Abstract:Generating an image from a provided descriptive text is quite a challenging task because of the difficulty in incorporating perceptual information (object shapes, colors, and their interactions) along with providing high relevancy related to the provided text. Current methods first generate an initial low-resolution image, which typically has irregular object shapes, colors, and interaction between objects. This initial image is then improved by conditioning on the text. However, these methods mainly address the problem of using text representation efficiently in the refinement of the initially generated image, while the success of this refinement process depends heavily on the quality of the initially generated image, as pointed out in the DM-GAN paper. Hence, we propose a method to provide good initialized images by incorporating perceptual understanding in the discriminator module. We improve the perceptual information at the first stage itself, which results in significant improvement in the final generated image. In this paper, we have applied our approach to the novel StackGAN architecture. We then show that the perceptual information included in the initial image is improved while modeling image distribution at multiple stages. Finally, we generated realistic multi-colored images conditioned by text.
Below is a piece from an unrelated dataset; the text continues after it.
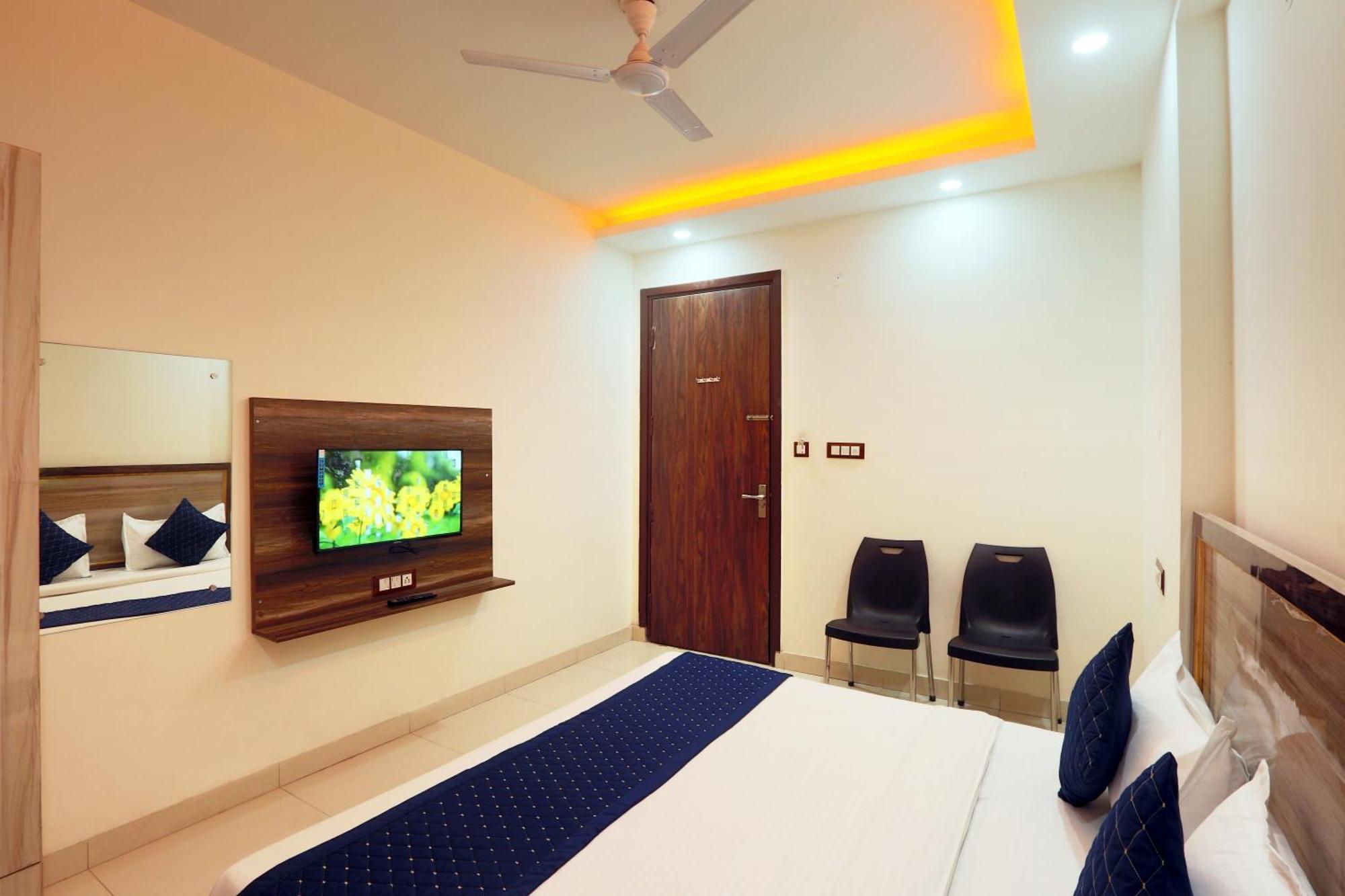 Roomsity Pride Hotel 3*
These images have good quality along with containing improved basic perceptual information. More importantly, the proposed method can be integrated into the pipeline of other state-of-the-art text-based-image-generation models to generate initial low-resolution images. We also worked on improving the refinement process in StackGAN by augmenting the third stage of the generator-discriminator pair in the StackGAN architecture. Our experimental analysis and comparison with the state-of-the-art on a large but sparse dataset MS COCO further validate the usefulness of our proposed approach.